# livre de développement



## artotal (19 Mai 2011)

Bonjour,
pour apprendre à utiliser cocoa et c'est outils j'ai acheté
"Programation sous Cocoa sous Mac OSX" 3ème édition chez Pearson.
Mais les prise d'écran sont differentes de Xcode et Interface Builder.
Je suppose que c'est un problème de version mais ça me fait avancé comme un escargot !
Quelqu'un à remédier à ce problème dans le passé.
Peut-ont télécharger les même versions logiciel du livre ?
Ma version Mac OSX : 10.6.7 et elle n'est pas couverte par le livre ?
Merci


----------



## ntx (19 Mai 2011)

Ca n'a rien à voir avec la version de Mac OSX mais avec celle de Xcode. Ca commence mal ... 
Donc quelle version de Xcode ?
Si tu utilises la 3, ça doit correspondre à ce qu'il y a dans le bouquin, non ?


----------



## artotal (20 Mai 2011)

C'est surtout Interface Builder version 3.0, c'est différent.
ex:
l'identification de ma class "Foo"
Je glisse un objet de la bibliothèque dans le fenêtre du fichier .nib ( 1ère incompréhension c'est fenêtre correspond à une extension .xib).
Je double clique sur l'objet pour lui assigner des paramètres, donc dans identité j'ai des intitulé de sous fenêtre qui se nomme "Class Identity" (tout à fait similaire à la prise d'écran), ensuite toujours dans la prise d'écran; 
Class Actions et Class Outlets alors que dans ma version je ne l'ai est pas 
Par contre j'ai "Interface Builder Identity" qui ne se trouve pas dans le livre.
Donc quand je veux nommer les méthodes je ne peux pas leurs donner de types "id" comme dans mon livre que j'ai payé plus de 40 &#8364; avec les frais d'envois.
Merci
PS: existe t-il un bon bouquin en anglais ?


----------



## Nyx0uf (20 Mai 2011)

C'est le grand drame de l'informatique, l'évolution.


----------



## ntx (20 Mai 2011)

artotal a dit:


> C'est surtout Interface Builder version 3.0, c'est différent.
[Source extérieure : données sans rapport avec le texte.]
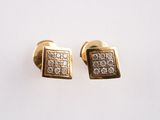 pair of gold and diamond earrings on a white surface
Effectivement, la dernière édition ne traite pas de IB 3. Et je pense que la prochaine portera sur Xcode 4.


> Je glisse un objet de la bibliothèque dans le fenêtre du fichier .nib ( 1ère incompréhension c'est fenêtre correspond à une extension .xib).


Les nib ont été réécrits en XML et maintenant s'appelle xib, mais c'est la même chose.
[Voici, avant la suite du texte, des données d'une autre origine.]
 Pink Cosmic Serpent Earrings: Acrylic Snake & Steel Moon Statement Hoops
> Class Actions et Class Outlets alors que dans ma version je ne l'ai est pas


Pour ma part, j'ajoute les outlets et actions directement dans le header dans Xcode. Tu sauves ton fichier et IB est mis à jour. Ensuite clic-droit sur un objet et tu as une fenêtre noire qui s'affiche et qui récapitule les liens entre les objets.


> existe t-il un bon bouquin en anglais ?


La doc d'Apple n'est pas complètement inutile, elle a bien progressé ces dernières années.


----------



## Céroce (20 Mai 2011)

_Programmation Cocoa sous Mac OS X_ (traduction de _Cocoa Programming for Mac OS X_) est un très bon livre, mais comme tu t'en rends compte, les copies d'écran correspondent à la version 2 de Xcode. Même le livre original n'a pas été mis à jour depuis.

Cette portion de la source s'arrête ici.